##### DATASET CONTENT #####

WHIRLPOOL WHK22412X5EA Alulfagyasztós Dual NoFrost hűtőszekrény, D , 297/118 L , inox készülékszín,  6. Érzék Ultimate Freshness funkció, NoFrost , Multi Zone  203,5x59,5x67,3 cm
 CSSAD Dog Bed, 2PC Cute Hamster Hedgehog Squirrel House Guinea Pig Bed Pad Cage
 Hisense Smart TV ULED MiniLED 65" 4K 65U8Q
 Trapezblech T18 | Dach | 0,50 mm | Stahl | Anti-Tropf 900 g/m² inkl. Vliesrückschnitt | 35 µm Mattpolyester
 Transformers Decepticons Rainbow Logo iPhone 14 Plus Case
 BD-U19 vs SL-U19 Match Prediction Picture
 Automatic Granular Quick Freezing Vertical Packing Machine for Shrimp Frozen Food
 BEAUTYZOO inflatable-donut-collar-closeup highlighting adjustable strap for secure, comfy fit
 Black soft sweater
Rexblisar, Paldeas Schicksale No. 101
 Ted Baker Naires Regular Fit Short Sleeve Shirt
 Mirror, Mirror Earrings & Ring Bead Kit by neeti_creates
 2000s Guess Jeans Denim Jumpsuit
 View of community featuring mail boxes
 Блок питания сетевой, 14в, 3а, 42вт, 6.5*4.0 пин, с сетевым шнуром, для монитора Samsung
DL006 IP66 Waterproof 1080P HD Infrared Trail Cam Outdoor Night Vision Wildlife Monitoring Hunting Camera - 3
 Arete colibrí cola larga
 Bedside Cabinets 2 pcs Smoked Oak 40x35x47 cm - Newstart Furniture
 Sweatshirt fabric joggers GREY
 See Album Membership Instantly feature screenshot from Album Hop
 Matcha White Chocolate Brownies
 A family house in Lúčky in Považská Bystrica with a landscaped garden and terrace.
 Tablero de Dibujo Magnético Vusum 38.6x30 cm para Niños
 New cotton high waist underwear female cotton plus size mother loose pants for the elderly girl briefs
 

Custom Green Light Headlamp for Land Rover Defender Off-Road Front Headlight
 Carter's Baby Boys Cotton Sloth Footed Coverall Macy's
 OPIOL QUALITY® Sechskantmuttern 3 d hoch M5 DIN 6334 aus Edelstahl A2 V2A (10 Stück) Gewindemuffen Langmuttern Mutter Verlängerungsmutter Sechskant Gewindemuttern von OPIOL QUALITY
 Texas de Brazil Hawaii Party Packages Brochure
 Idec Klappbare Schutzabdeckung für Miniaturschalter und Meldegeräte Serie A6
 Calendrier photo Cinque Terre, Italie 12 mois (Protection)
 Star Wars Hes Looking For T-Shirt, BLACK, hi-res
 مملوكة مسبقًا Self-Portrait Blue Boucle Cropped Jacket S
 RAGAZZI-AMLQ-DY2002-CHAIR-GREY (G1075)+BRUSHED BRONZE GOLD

#####

TASK STATEMENT:
Word for word, restate the lines of the data above that fall between the line holding "Idec Klappbare Schutzabdeckung" and the line holding "مملوكة مسبقًا Self-Portrait", inclusive, and no other lines.

RESPONSE BOX:
 Idec Klappbare Schutzabdeckung für Miniaturschalter und Meldegeräte Serie A6
 Calendrier photo Cinque Terre, Italie 12 mois (Protection)
 Star Wars Hes Looking For T-Shirt, BLACK, hi-res
 مملوكة مسبقًا Self-Portrait Blue Boucle Cropped Jacket S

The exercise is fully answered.